貝好きの中でもほっき貝を、やたらと好む人が少なくはありません。しっかりとした歯ごたえと、磯の香りがたまらない魚貝の一つになっています。ほっき貝の名前で広く呼ばれていますが、標準和名はウバガイです。寿命が30年以上で、魚介類の中では特別に長寿ということで、この名前がついています。日本では鹿島灘以北に生息していて、東北や北海道で多く水揚げされています。とくに水揚げ量日本一の北海道苫小牧市は、ほっきの町としてよく知られています。ほっき貝はカナダから輸入されていて、ほっき貝の名前でまたはカナダほっき貝とも呼ばれて、流通しています。

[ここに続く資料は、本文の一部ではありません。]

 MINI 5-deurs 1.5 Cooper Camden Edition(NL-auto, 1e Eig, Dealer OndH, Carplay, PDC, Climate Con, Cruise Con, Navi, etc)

カナダのほっき貝は、カナダ東海岸の桁網漁船によって漁獲されています。400トン級の大型漁船が、一航海に4~5週間を要しています。60~80メートルの海の深さで網を引いてほっき貝を採ると、選別機によってほかの種類の貝とに分類されます(ミルガイやトリガイは同様に加工され日本に送られる)。船内で殻をむいて、内臓を取り除いてボイルします。さらに一つずつ凍結するまでが、ハイテク化されていてその工程がなんと、45分間で終了してしまいます。操業している人も、十分に睡眠をとることができます。それから陸上加工場でサイズ別に分けられて、1キロ入りの箱に入れて日本へと送られてきます。またいったん中国に運んで、寿司だね用に加工して一つ7~8グラムに調整したりします。トレイに並べて日本へ送ると、それが寿司屋で握られて一部はスーパーに並びます。カナダのほっき貝の漁は、資源保護目的の規制が徹底しています。そのため貝類漁では珍しく、毎年の漁獲量が安定しています。

「ほっき貝とはどんな貝?大人気のほっき貝サラダの中身も紹介」もありますが、ほっき貝は貝焼きやアスパラ炒めをすると、大変においしくなります。貝焼きは青森の郷土料理で、鍋に水と酒の汁で味噌を溶いて砂糖を加えて薄切りのほっき貝、長ネギ、エノキ、豆腐を入れて火にかけます。煮立ってきたら、溶き卵をかけまわして煮ながら食べていきます。アスパラ炒めは、アスパラの根元の皮を削り取って等分に切ってゆでます。フライパンでにんにくを焼いて、その上にほっき貝、アスパラを入れて炒めて胡椒と塩で、味を調節していきます。食欲がどんどんと進んで、ご飯が何杯でもいけます。長寿の魚貝であるほっき貝をたくさん食べて、十分に睡眠をとって長生きをしましょう。業務用のほっき貝を通販で仕入れるには、インターネットの魚介類の卸のサイトがたくさんありますので、その中から購入してください。時間もかからず届けてもらうことができます。